Caro Mario,
non ti aspetterai mica che io cambi opinione per fare contento te o altri lettori che hanno una visione differente dalla mia… Con tutto il rispetto, non me ne frega. La mia priorità è affermare ciò che effettivamente penso, mantenendo la mia onestà intellettuale. Che questa possa non farmi risultare talvolta gradevole è un incidente di percorso che accetto e ho sempre accettato ben volentieri. Grazie.
Sono costretto a deluderti ancora, anzi, oggi sono ancora più convinto che, prima di concludere che Ferragni abbia agito con dolo e malafede, occorra attendere l’esito di una eventuale indagine sfociata in un eventuale procedimento. Sta di fatto che la signora Ferragni ha dichiarato di considerare ingiusta la decisione subita e di essere intenzionata a fare ricorso. Quindi non leggerei le sue parole come ammissione di colpevolezza, mea culpa e interpretazioni simili che ne sono state date trascurando il fatto che ella abbia specificato che impugnerà la decisione dell’Antitrust. Dunque, caro Mario, non mi unirò ai manganellatori di destra e di sinistra che da giorni massacrano in televisione, sui giornali e sui social network una donna che, ad oggi, ha ricevuto una multa che impugnerà e nessuna condanna in giudizio.
Ti dirò anche il mio punto di vista, che ho già avuto modo di esprimere, ma, dato che mi solleciti a pronunciarmi nuovamente, lo espongo con rinnovato vigore: a mio avviso, è l’azienda produttrice che immette la merce sul mercato e che incassa il capitale a dovere provvedere alla promessa beneficenza sugli incassi e non il personaggio che di volta in volta può fungere da testimonial alla iniziativa. Ferragni aveva un suo cachet, così anche per le uova di Pasqua. Per quanto quel compenso ci possa apparire elevato, esso fa parte di una contrattazione privata tra Ferragni e l’azienda ed è assolutamente lecito. Ferragni non si impegnava in quello spot a devolvere parte del suo compenso in beneficenza, bensì era parte del ricavato dalla vendita del prodotto (ricavato incassato dall’azienda produttrice) a dovere essere devoluto.
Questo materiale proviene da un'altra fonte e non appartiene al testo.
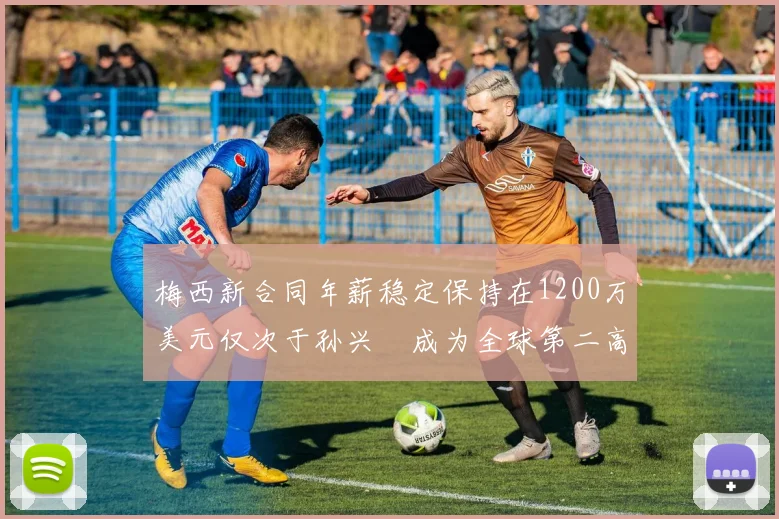 梅西新合同年薪稳定保持在1200万美元仅次于孙兴慜成为全球第二高薪球员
Quindi perché stiamo massacrando questa donna?
Per la faccenda delle uova, idem. A febbraio Ferragni conclude l’accordo e intasca, così come pattuito, la cifra di circa un milione di euro, a Pasqua le uova vengono vendute e il capitale derivante non va nel conto in banca di Ferragni, ma dell’azienda che ha confezionato le uova. È da quel ricavato che devono essere devoluti i quattrini per questa o quella associazione benefica. E, in effetti, questo è avvenuto: 36mila euro sono stati regalati.
Possiamo discutere circa il fatto che la cifra è esigua. Certo. Ma l’azienda ha comunque mantenuto l’impegno preso, se l’è cavata, così potremmo dire, in questa maniera. Avrei trovato semmai più opportuno e più corretto che i giornalisti, anziché scandalizzarsi per il milione di euro ricevuto da Ferragni per le vendite e pubblicato come fosse chissà quale scoop, si fossero dedicati a ben altra indagine, quella volta a capire quanto ha guadagnato l’azienda produttrice, la stessa che ha ingaggiato Ferragni come testimonial per un milione di euro, dalla vendita delle uova. Insomma, se proprio vi volete scandalizzare, scandalizzatevi nei confronti di una azienda che incassa milioni e milioni e milioni vendendo un prodotto di cui sottolinea persino sulla confezione che parte del ricavato andrà ai bisognosi e non per il testimonial che viene pagato dalla stessa azienda per incrementare le vendite di quel medesimo prodotto di cui parte del ricavato si sottolinea che sarà donato ai bambini.